Dear Therapist,

I feel utterly stuck in indecision. 

I’m in a long-term relationship where the first few years were magical but then something we can’t exactly pinpoint changed for both of us and it hasn’t been working for a few years. We can’t seem to find our way back to that loved up place. Both of us feel depressed and anxious about the situation.   

We’ve gone through the phase of blaming each other (our couple therapist helped us realise the futility in this) to trying to figure ourselves out, and what we need to be happier with each other and in ourselves. The problem is, we don’t know where to start. The idea of separating is terrifying for both of us - we are somewhat clinging to each other in fear. But home has become a very sad place too. 

Signed,

Unhappily Together


Dear Unhappily Together,

Intimate relationships can feel so impossible to navigate at times.  When they are working, we feel safe and secure in the world.  But when they’re not, it can bring up all of the unresolved emotional wounding we thought we had long since worked through, or maybe didn’t even realise we had. I know very little about your situation beyond your brief message which left me wondering if you are working through the disentanglement of a codependent dynamic.  It is often assumed that codependency only exists in the presence of a alcohol or drug addiction, where one party is playing caretaker of the other.  But I’ve found traits of what is also sometimes referred to as ‘relationship addiction’ to be far more pervasive in the more subtle form of dependence on the other to feel OK in ourselves.

One definition of codependence I like is John Bradshaw’s: ‘A painful internal state of low-grade chronic depression which is literally precipitated by intense and chronic mourning for our authentic selves.’  When we seek relationship from this place, we aren’t doing so from love for the other but from a need for something (someone) external to prop up our own sense of self, to make us feel love and acceptance. For a while, during the ‘falling in love’ phase, a partner makes this all seem possible. But this doesn’t last because we are looking in the wrong place – the ‘magical other’ we seek is found in the abandoned parts of ourself. 
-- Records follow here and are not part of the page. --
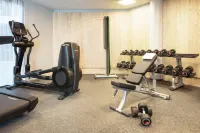 Scandic Flesland Airport - Gym
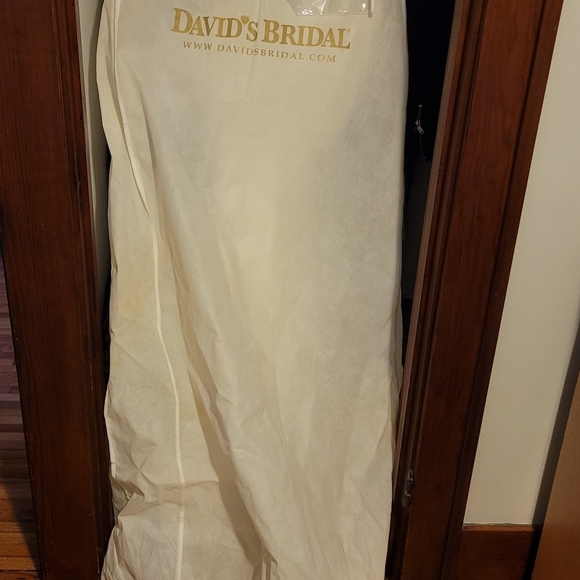 Plus Size Wedding Dress - Picture 5 of 8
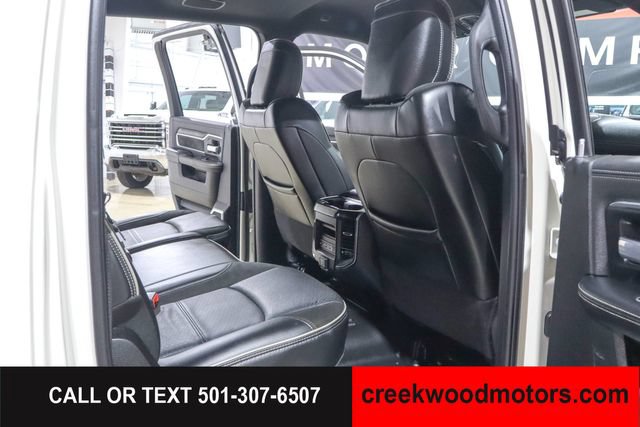 Used 2022 RAM 2500 Laramie AWD/4WD image 44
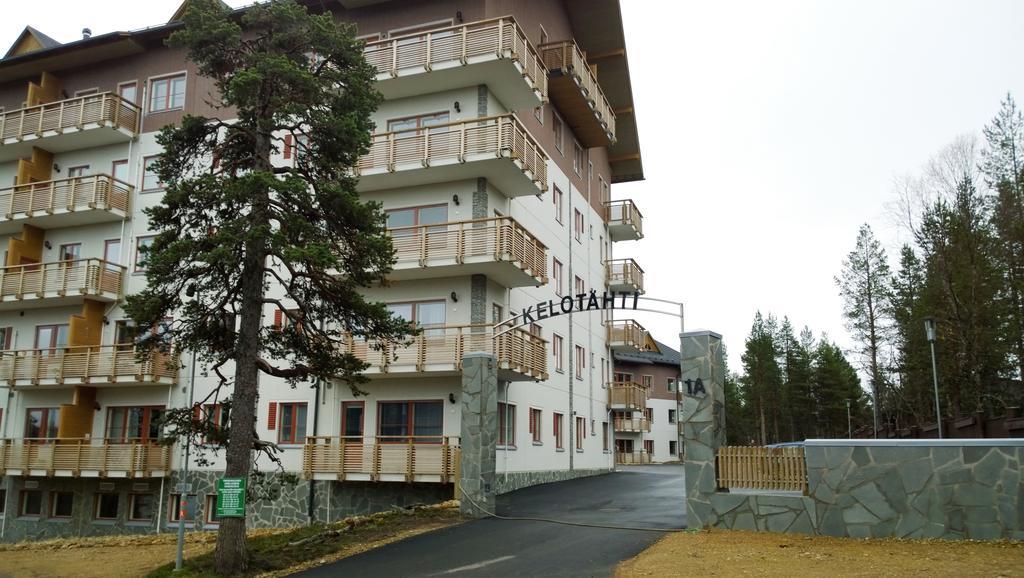 Kelotaehti Apartments Saariselka Room photo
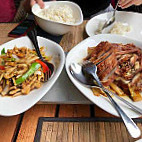 Mandschu food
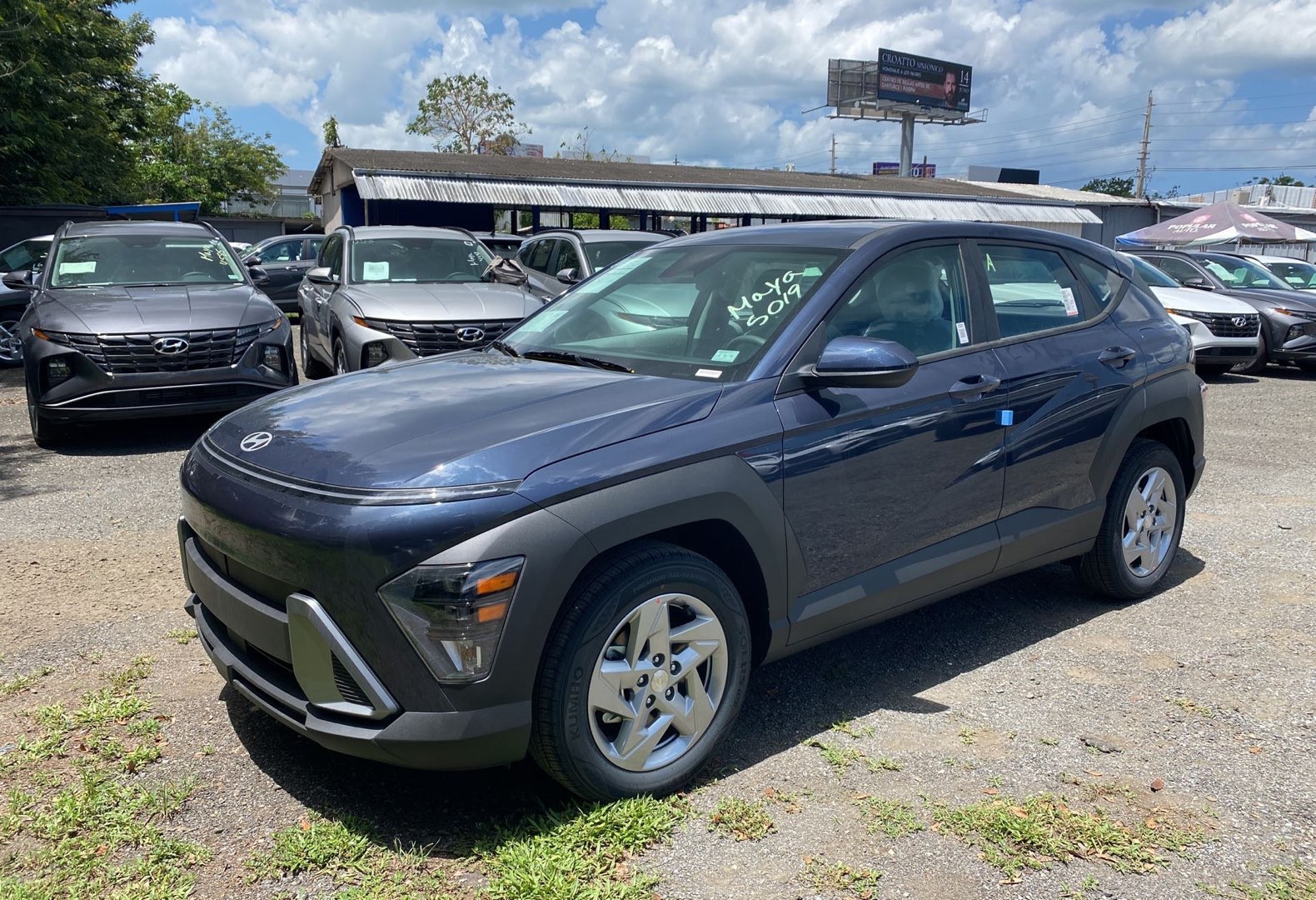 2024 Hyundai Kona SE's photo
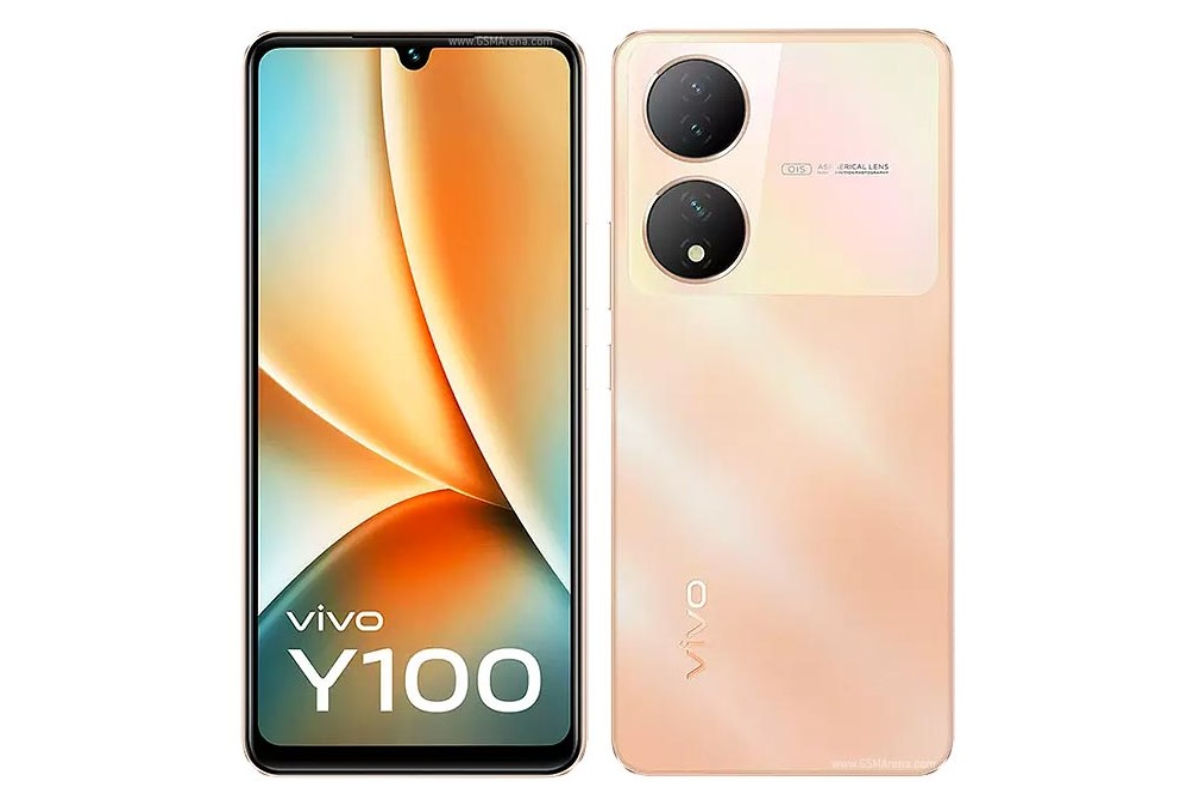 Vivo Y100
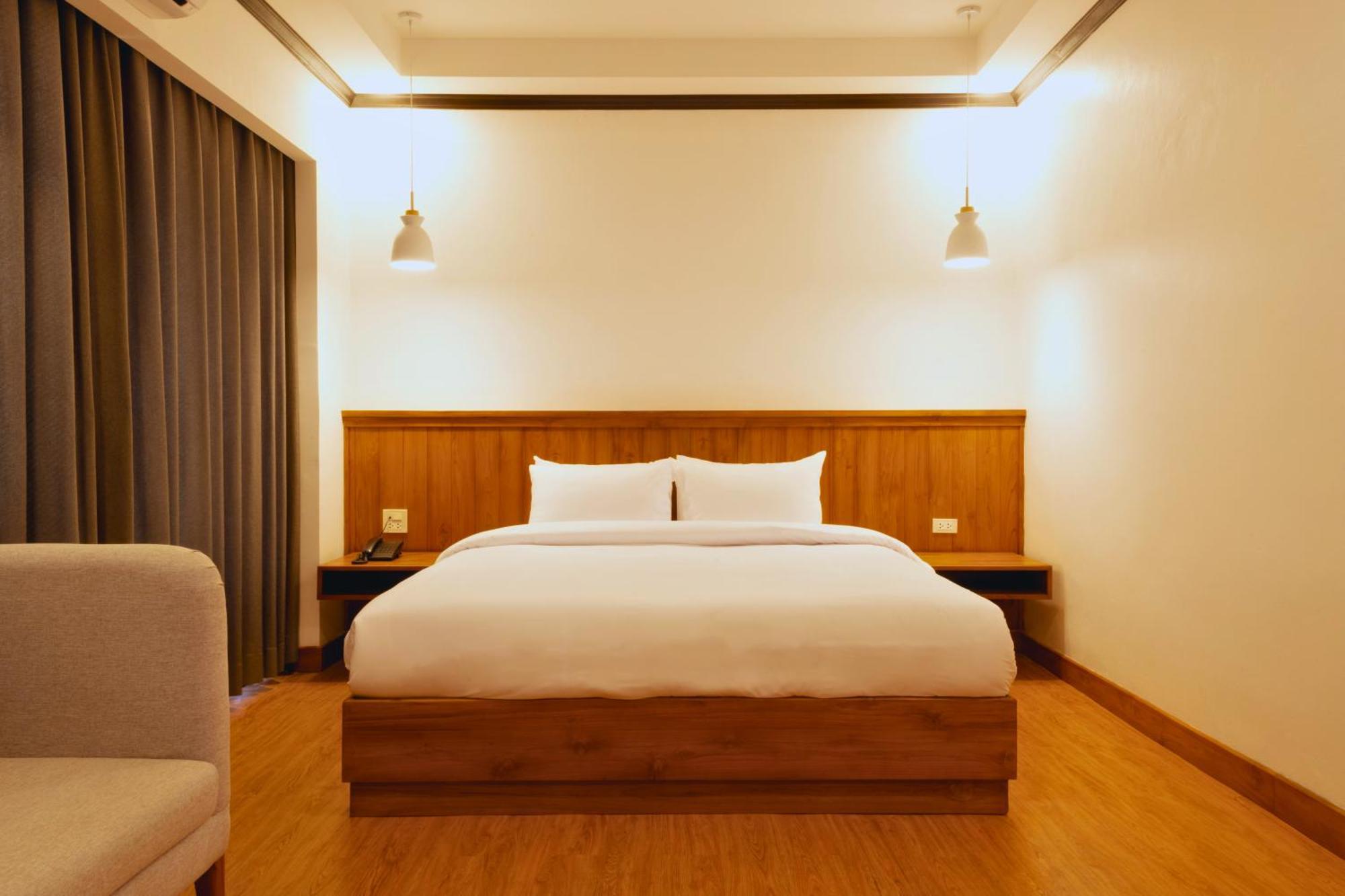 Oudomsin Vangvieng Hotel Ванг Виенг Екстериор снимка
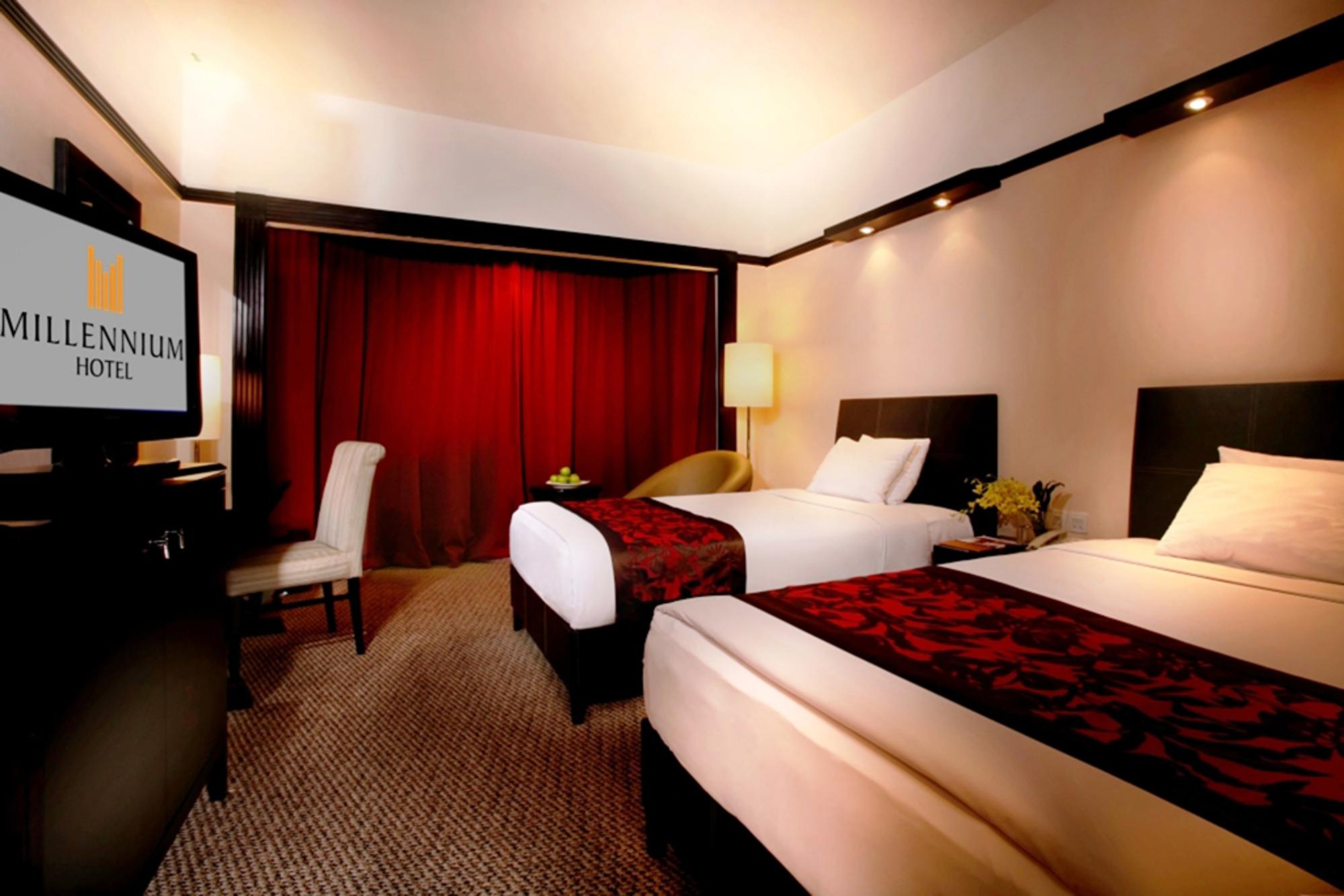 Millennium Hotel Sirih Джакарта Екстериор снимка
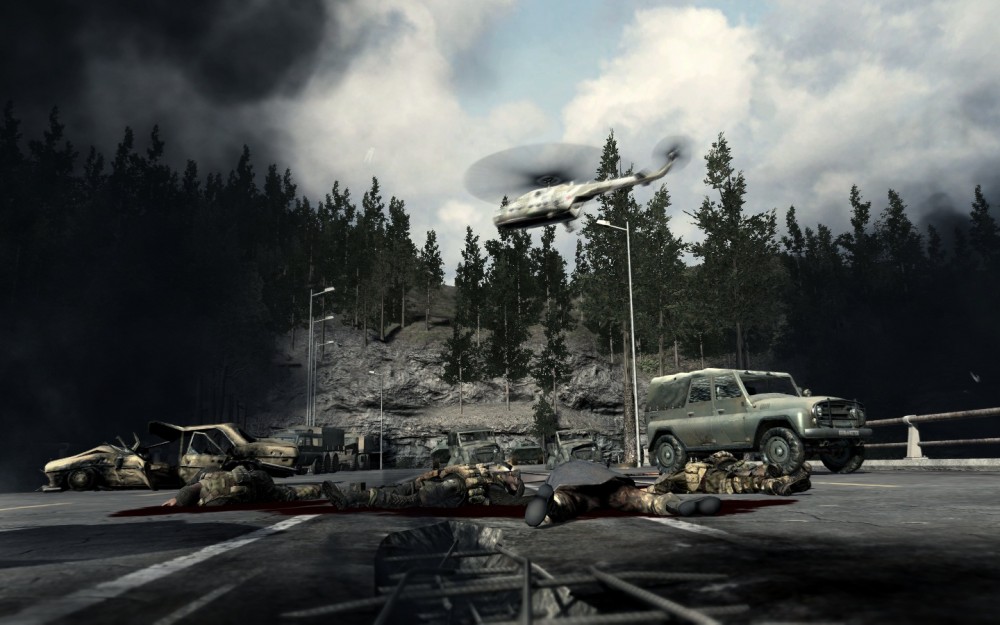 Call of Duty 4: Modern Warfare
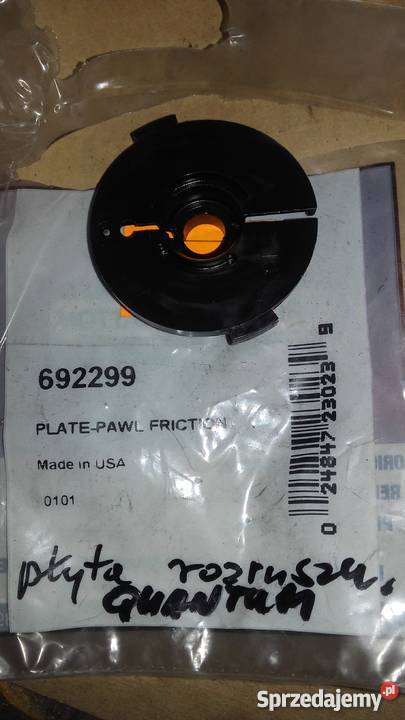 płytka rozrusznika Quantum Żywiec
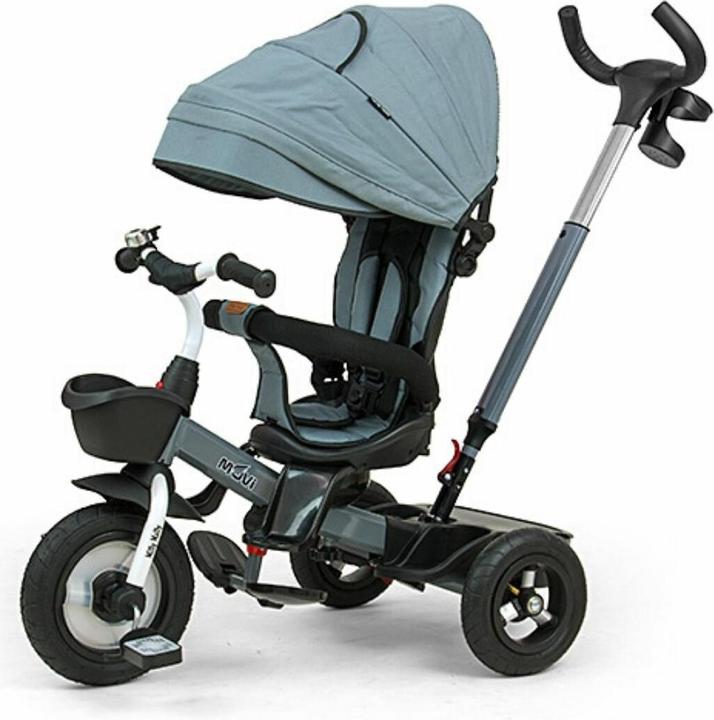 Produktbild Mally Rowerek Trójkołowy Movi Grey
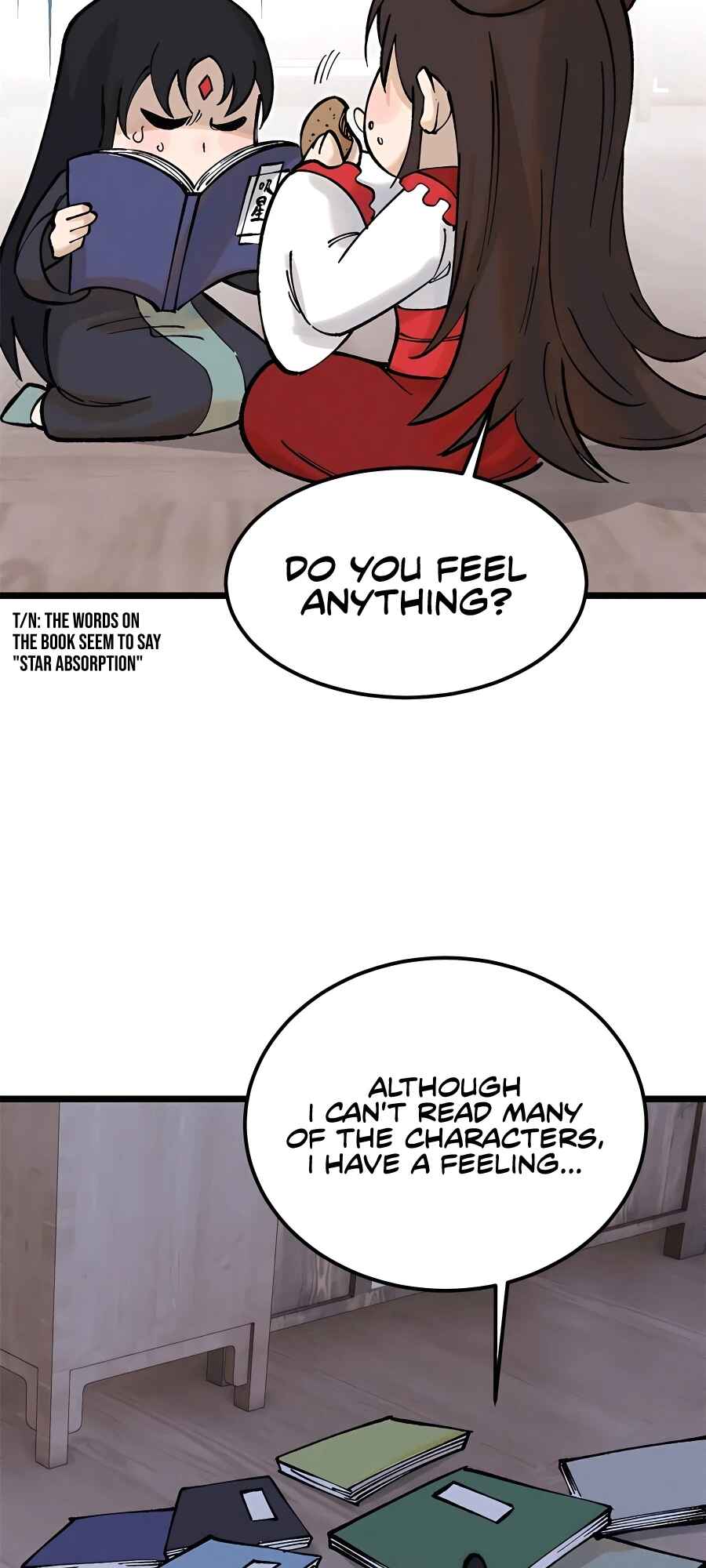 All Hail the Sect Leader Chapter 248 - Page 33
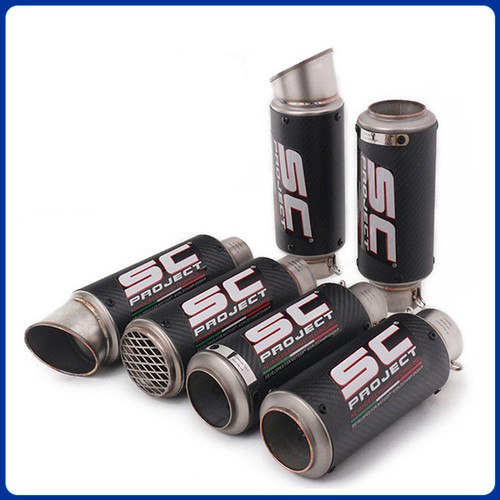 Carbon fiber exhaust pipe - fiber,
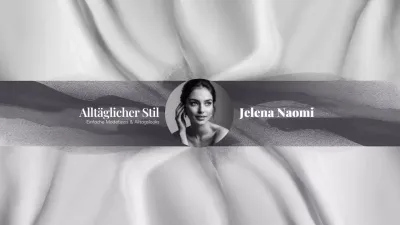 grau elegant mode newsletter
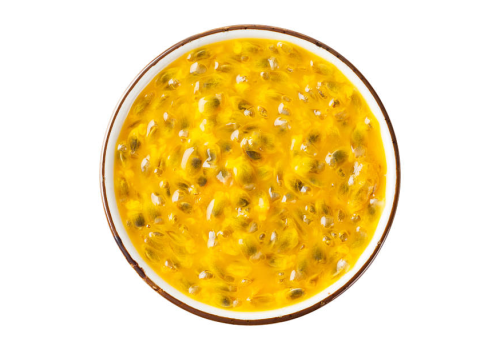 Frozen Passion Fruit Pulp with seed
You’ve gone through one very important phase of disentangling an unhealthy dependence and have stopped blaming each other for not fulfilling a frankly impossible task. This is a huge step. Unfortunately, it likely exposes the individual vulnerability –  a felt neediness – sitting within each of you. I sense this is why the thought of separating is terrifying – clinging to something that isn’t working suggests you are still holding out hope the relationship can fix the mourning residing in each of the individuals. Understandably, there is fear to tap into these feelings – it can elicit a panic reaction - but this is exactly where you may need to go. To get up close and personal with those scary feelings to see whether they lead you back to parts of yourself long since ignored or disowned.  That loneliness we feel when we let go of the other, can we settle into it? Can we get curious about the energies it elicits without needing to escape? Can we drop how we feel we should be and bear witness to who we actually are even – especially – in these raw and tender moments? Can we accept this too as part of us? 

Intimacy with oneself may sound peculiar, but it is a pretty important starting place for widening our circle to healthy intimacy with others. Without it, we engage in relationship from a fundamentally selfish position in that the relationship is not actually about the other person but what they can do for us. 

You didn’t say whether you and your partner are in individual therapy, but I would suggest this for both of you. Perhaps the couple has been carrying too much, and it is up to each of the partners to shoulder their own work and growth. Then and only then might you be able to see if there is room for love to live and grow in your relationship.